[Task objective]:
Transcribe exactly, and only, the lines that fall between the line containing "Zahraniční hudba CD" and the last line of the material, both ends included, omitting any pictures.
(Data for analysis Opens)
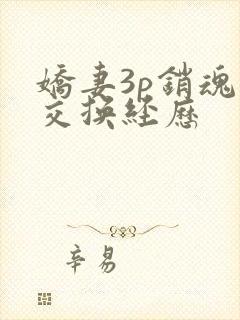 娇妻3p销魂的交换经历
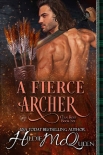 Читать книгу A Fierce Archer (Clan Ross Book 6)
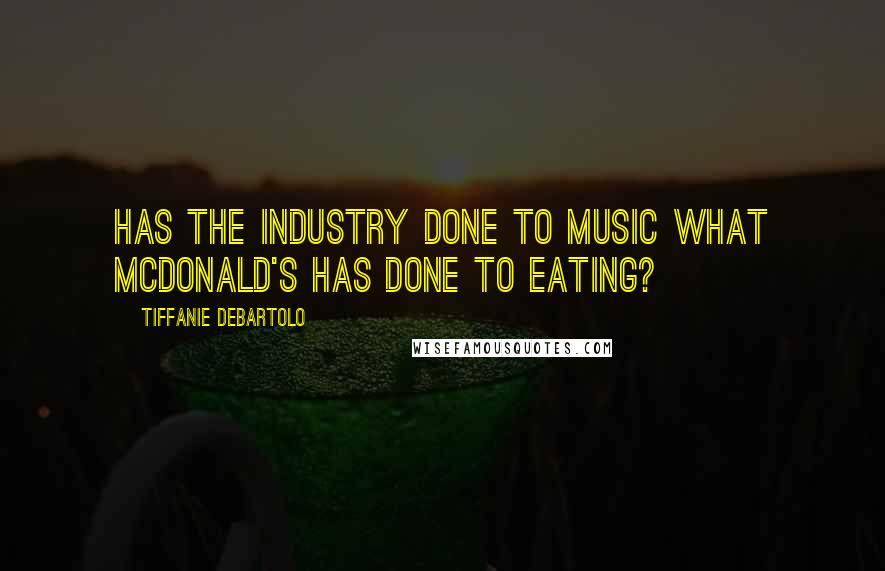 Tiffanie DeBartolo Quotes: Has the industry done to music what McDonald's has done to eating?
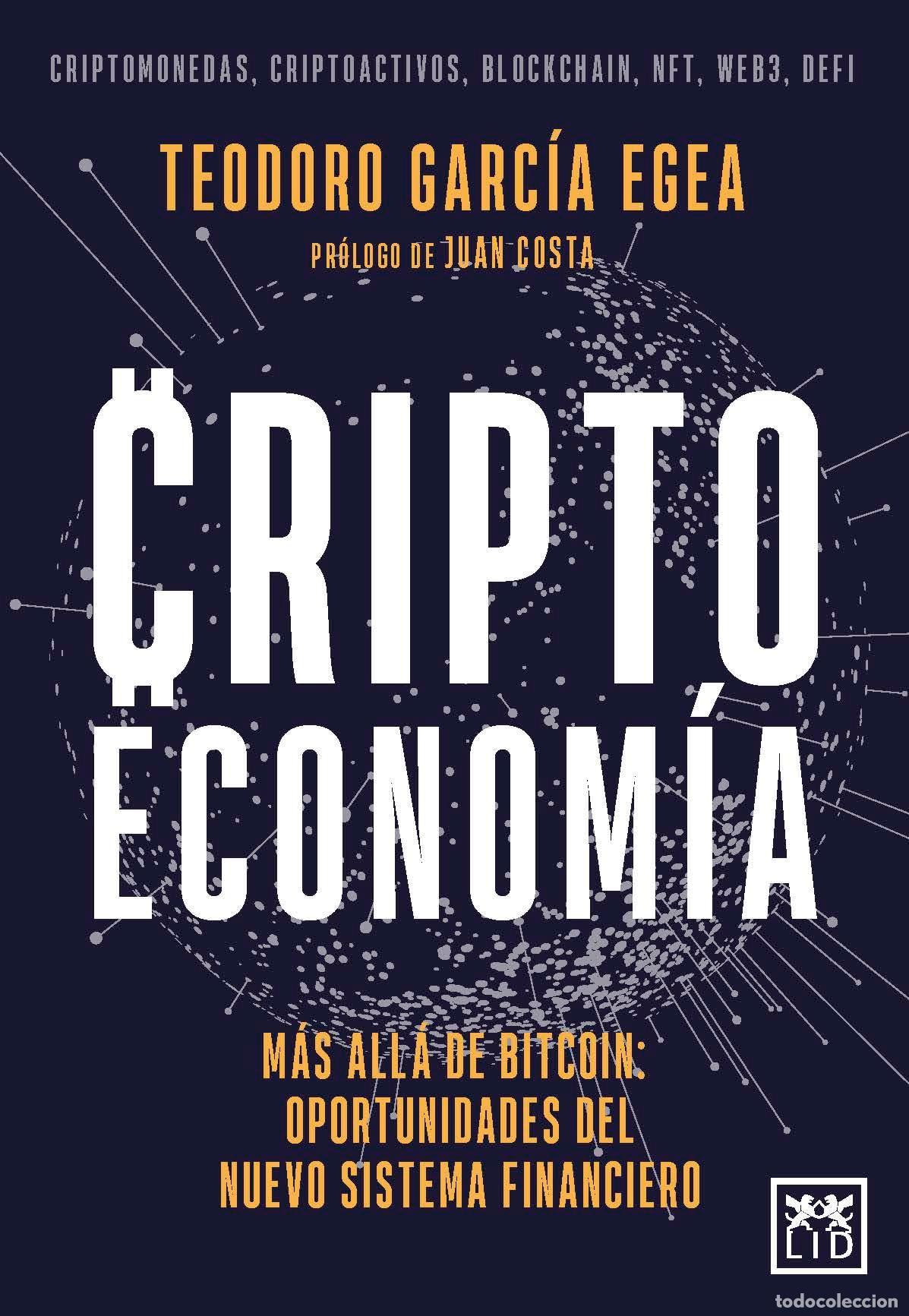 Second hand books: Criptoeconom&iacute;a; M&aacute;s all&aacute; de bitcoin: oportunidades del nuevo sistema financiero: El futuro del diner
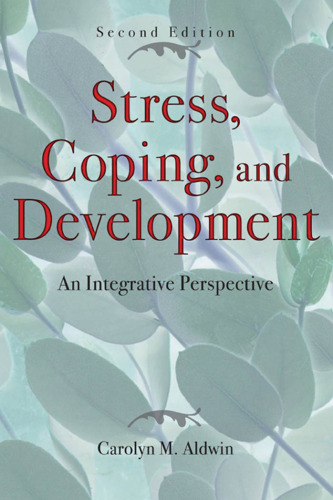 Stress, Coping, and Development, 2nd Edition: An Integrative Perspective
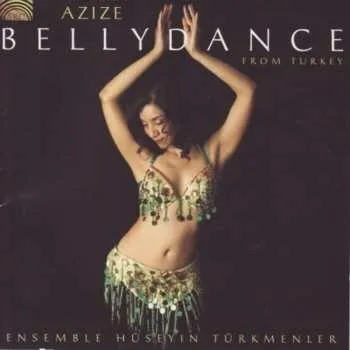 Zahraniční hudba CD Ensemble Hüseyin Türkmenler: Azize: Bellydance Fromturkey 2008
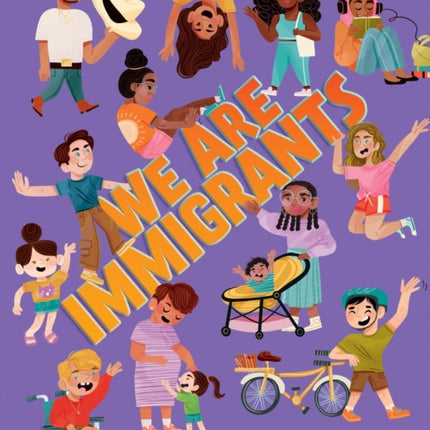 We Are Immigrants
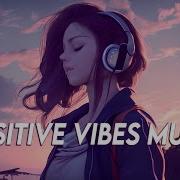 Positive Vibes Music English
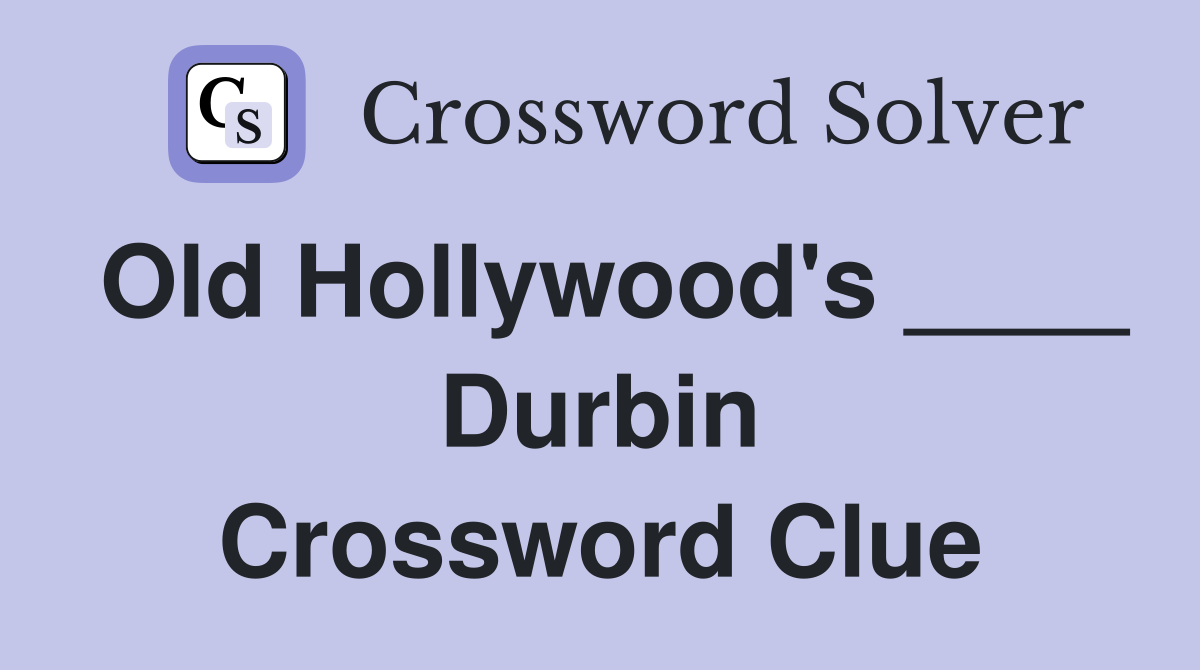 Old Hollywood's ____ Durbin Crossword Clue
(Data for analysis Closes)
[Result]:
 Zahraniční hudba CD Ensemble Hüseyin Türkmenler: Azize: Bellydance Fromturkey 2008
 We Are Immigrants
 Positive Vibes Music English
 Old Hollywood's ____ Durbin Crossword Clue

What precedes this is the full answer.